AQUOS sense9(左)とiPhone 16 Pro(右)

 スマートフォンのディスプレイは大型化が進んでおり、エントリーモデル、ミッドレンジモデルにおいても、片手での操作が難しい機種が増えている。大画面には、コンテンツに迫力が出るといった魅力があるのはもちろんだが、サクッと片手で操作できることこそ、AQUOS senseユーザーが求めていることなのかもしれない。折りたたみ機種は別として、他のスマートフォンと比較し、極端に表示領域の狭さを難点に感じることもなかった。画面サイズの小ささよりも、筐体サイズがゆえの扱いやすさの恩恵がでかい印象だ。

随所に見られるユーザーファーストの姿勢

 AQUOS senseシリーズといえば、ここ数年はカメラユニットが背面中央に配置されていたが、AQUOS sense9は背面左上に変更されている。夏頃に発売されたAQUOS R9、AQUOS wish4と同じコンセプトで、いずれもmiyake design監修となっている。

 デザイン変更については賛否あるだろう。特に曲線を貴重としたカメラユニット周りは、スマートフォンらしいデジタルデバイス感こそ薄れるものの、他機種にないかわいらしさを感じる。カメラレンズが極端に出っ張っていないため、デスク上に置いた際などにも安定するのが、個人的には好印象だ。

 本体サイズは約149mm×約73mm×約8.9mm(突起部除く)で、質量は約166g。近年のスマートフォンとしてはかなりのコンパクトサイズで、とにかく持ちやすいのが特徴となる。背面が側面にかけて微妙に湾曲していることもあり、フィット感に優れている。

 ボタン類は右側面に集約されており、上部に音量調節ボタン、その下に指紋認証センサー搭載の電源ボタンと並んでいる。音量調節ボタンと電源ボタンの位置が若干遠く、少し押しにくく感じているが、押し間違いを減らすためにあえてこの配置なのかもしれない。電源ボタンでは、長く指を置いておくことで、任意のアプリを起動するショートカット機能も、使い始めると手放せない、便利な機能だ。

 SIMスロットは本体左側面で、SIMピンがなくてもトレイが取り出せるようになっている。最大1TBのmicroSDXCカードも挿入できる。

 使えば使うほど、本体サイズやボタンの配置、SIMスロットの設計など、さまざまな要素から、AQUOS sense9がユーザーライクに設計されていることをひしひしと感じる。「ちょうどいい」「しっくりくる」といった抽象的な表現になってしまうが、この感覚的なツボを押さえていることこそ、AQUOS senseシリーズが長く愛されている所以なのかもしれない。

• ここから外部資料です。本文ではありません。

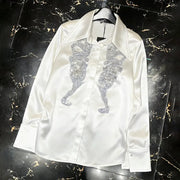 Embellished Glossy Button Shirt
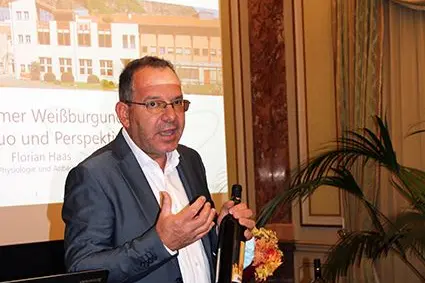 Il responsabile della Cantina Laimburg, Günther Pertoll, ha presentato le caratteristiche dell'annata MUSIS 2020.: ©Centro di Sperimentazione Laimburg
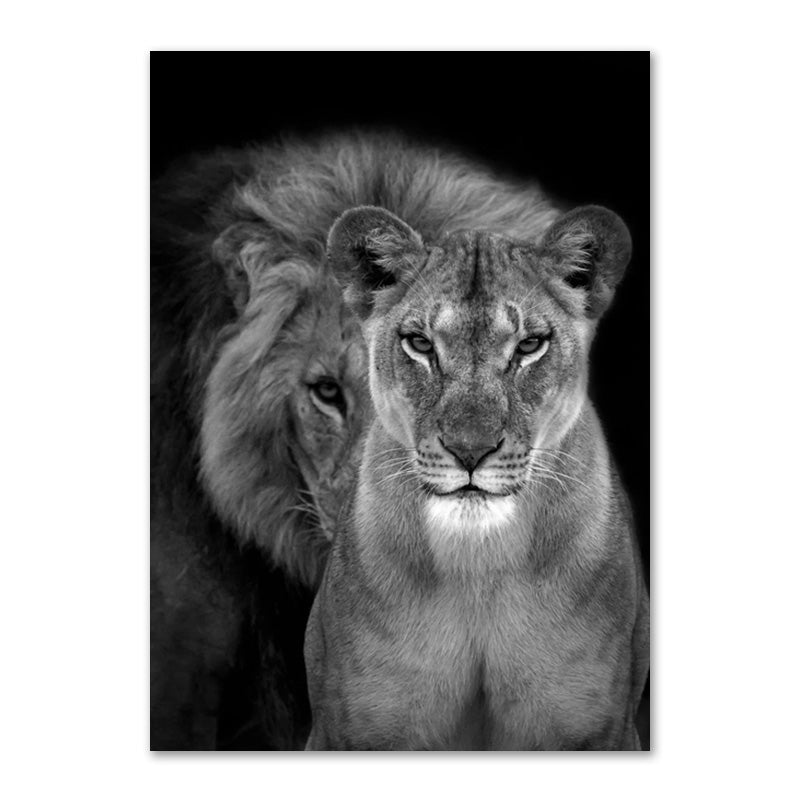 Affiche de Famille de Lions Noir et Blanc Impression sur Toile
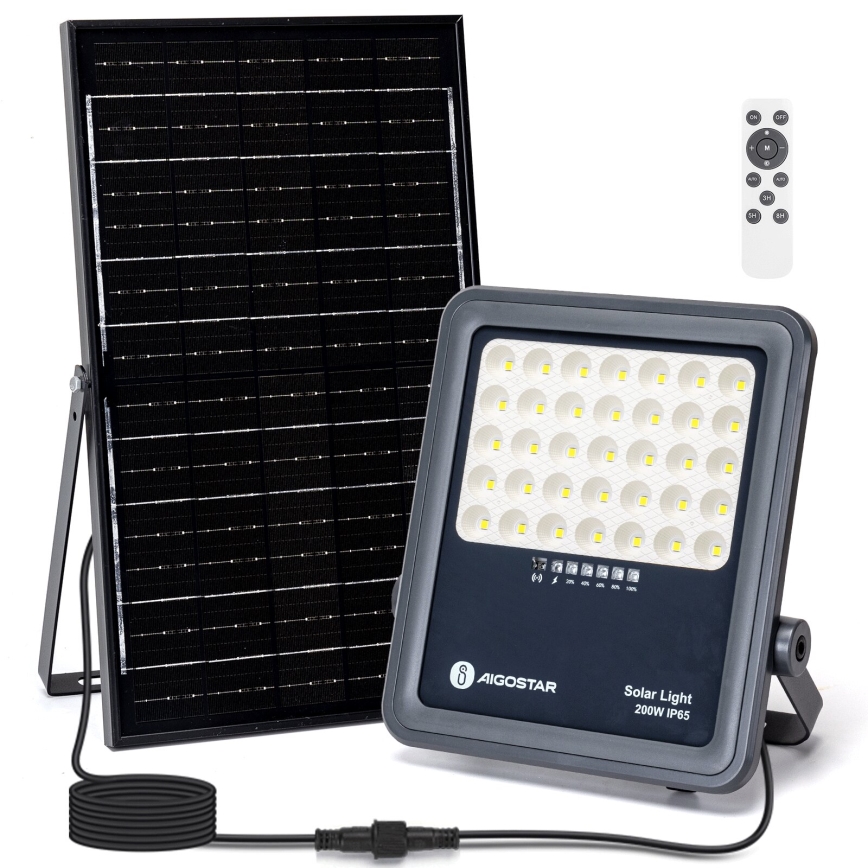 Aigostar - LED Прожектор з регулюванням яскравості на сонячній батареї LED/200W/3,4V IP65 + пульт дистанційного керування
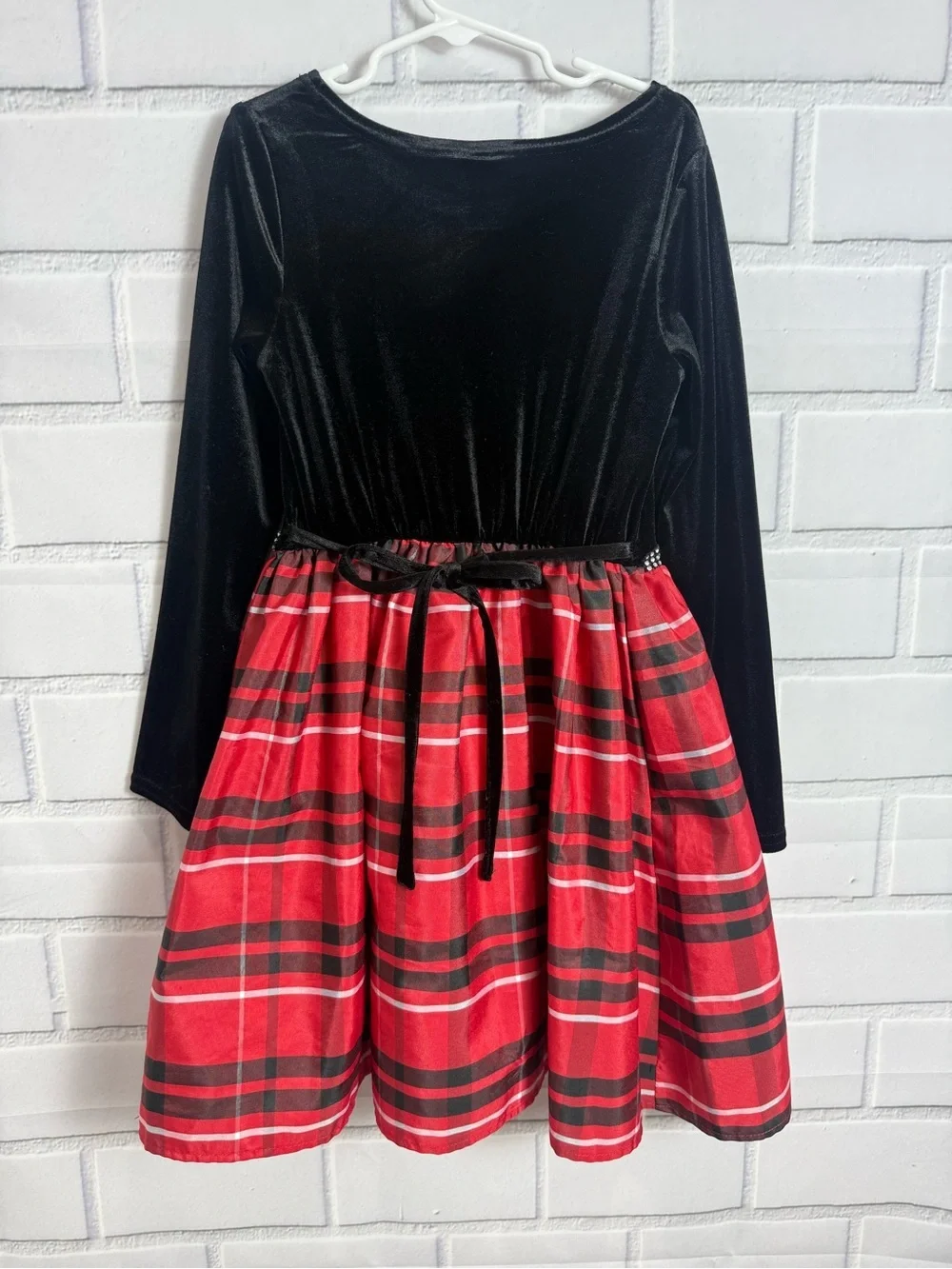 Girls Dollie & Me Holiday Plaid Velvet Dress Size 8 Red Black Party Dress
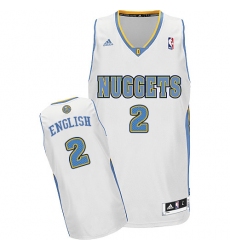 Men's Adidas Denver Nuggets #2 Alex English Swingman White Home NBA Jersey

広角+超広角カメラは弱点こそあれど完成度の高い仕上がり

 アウトカメラは約5030万画素、F値1.9、1/1.55インチセンサーの広角カメラと、約5030万画素、F値2.2、1./2.5インチセンサーの超広角となる。広角カメラは電子式と光学式のハイブリッド手ぶれ補正、超広角カメラは電子式手ぶれ補正を備える。

 AQUOS R6以降、シャープが長らく協業を続けるライカ監修カメラではないものの、画質処理のノウハウはしっかりと活かされており、ポートレート撮影やナイトモードでの撮影も、パキッと綺麗な写真に仕上がる。

 超広角カメラは若干ぼけっとする部分も見られるが、使っていて明らかに不自然に感じるほどではない。メインは広角カメラであることや、価格を踏まえれば、十分な性能だろう。超広角カメラでは、約2.5cmまで近寄れるマクロ撮影に対応しており、撮影の幅が広がっているのも魅力だ。

超広角撮影

 一方、上位モデルとの明確な違いを感じるのが、ズーム撮影。AQUOS sense9に望遠レンズは備えられておらず、ズームはデジタルで最大8倍となるが、画質の劣化はやはり目に付く。ズーム撮影は、人によって重要視する度合いが変わるだろうが、広角カメラとの画質の違いがはっきりと現れ、長距離の撮影には不向き。また、使用するカメラの切り替え、ズームの動作にもたつくシーンも見られた。

等倍
8倍デジタルズーム

 処理性能的なパワー不足か、ポートレート撮影、ナイトモードでの撮影時などは特に、プレビュー画面でぼやけた写真が表示されることがある。撮影後、バックグラウンドで画像処理を行っているため、数秒後に写真を確認すると、綺麗に仕上がっていることがほとんどなので、使用上問題はない。

日常的なタスクをしっかりとこなす性能を搭載

 搭載CPUはSnapdragon 7s Gen 2、メモリは6GBないし8GB、ストレージは128GBないし256GBとなる。ストレージの一部を仮想的にメモリとして使う機能は、最大6GBまで対応する。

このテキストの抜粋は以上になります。